YOUR OBJECTIVE: Reproduce the records word for word, leaving out any pictures they hold.

··· DATA RECORDS ···

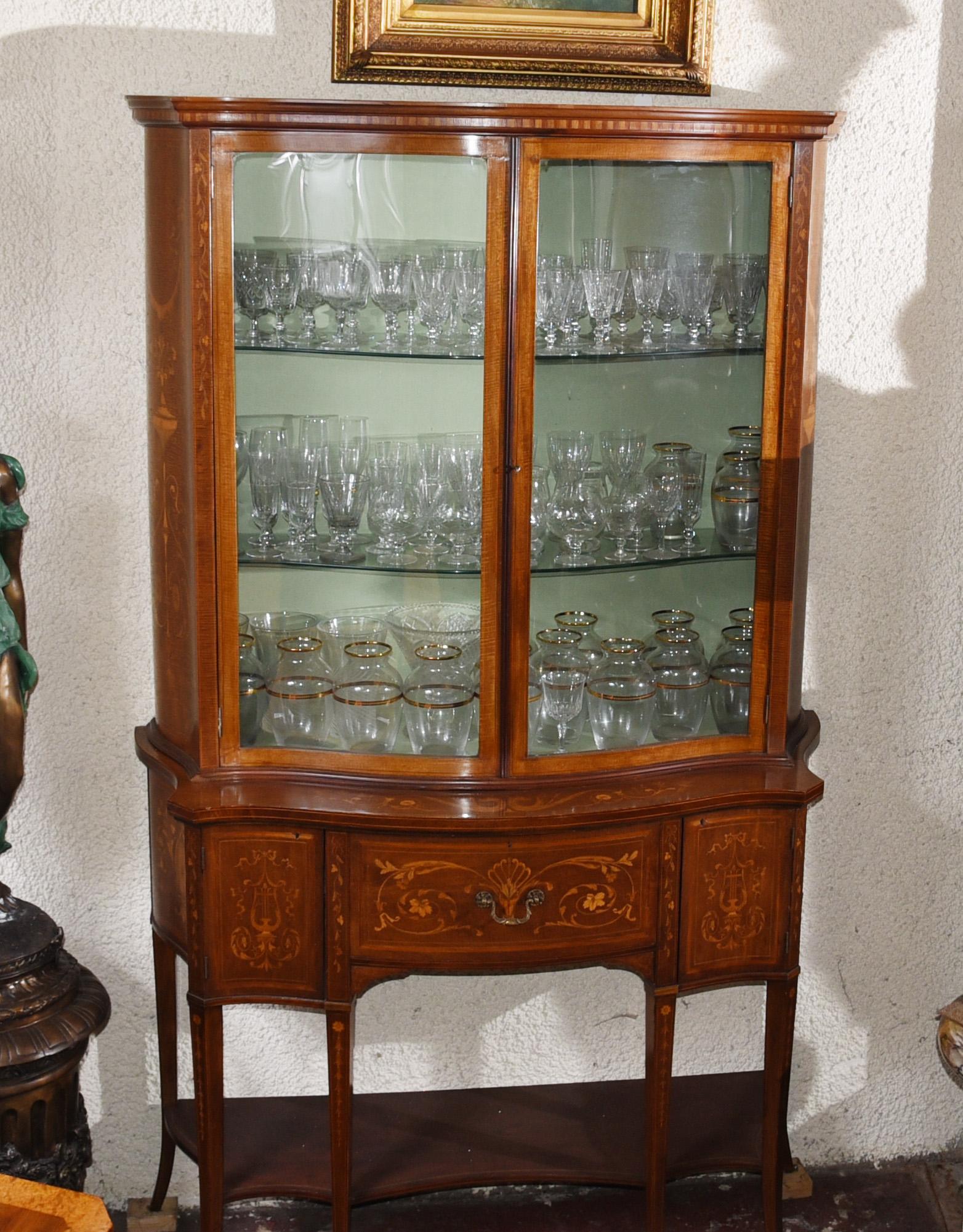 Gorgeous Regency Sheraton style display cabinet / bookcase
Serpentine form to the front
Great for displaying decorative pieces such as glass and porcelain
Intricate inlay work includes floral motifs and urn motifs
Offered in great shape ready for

···

REPLY:
 Gorgeous Regency Sheraton style display cabinet / bookcase
Serpentine form to the front
Great for displaying decorative pieces such as glass and porcelain
Intricate inlay work includes floral motifs and urn motifs
Offered in great shape ready for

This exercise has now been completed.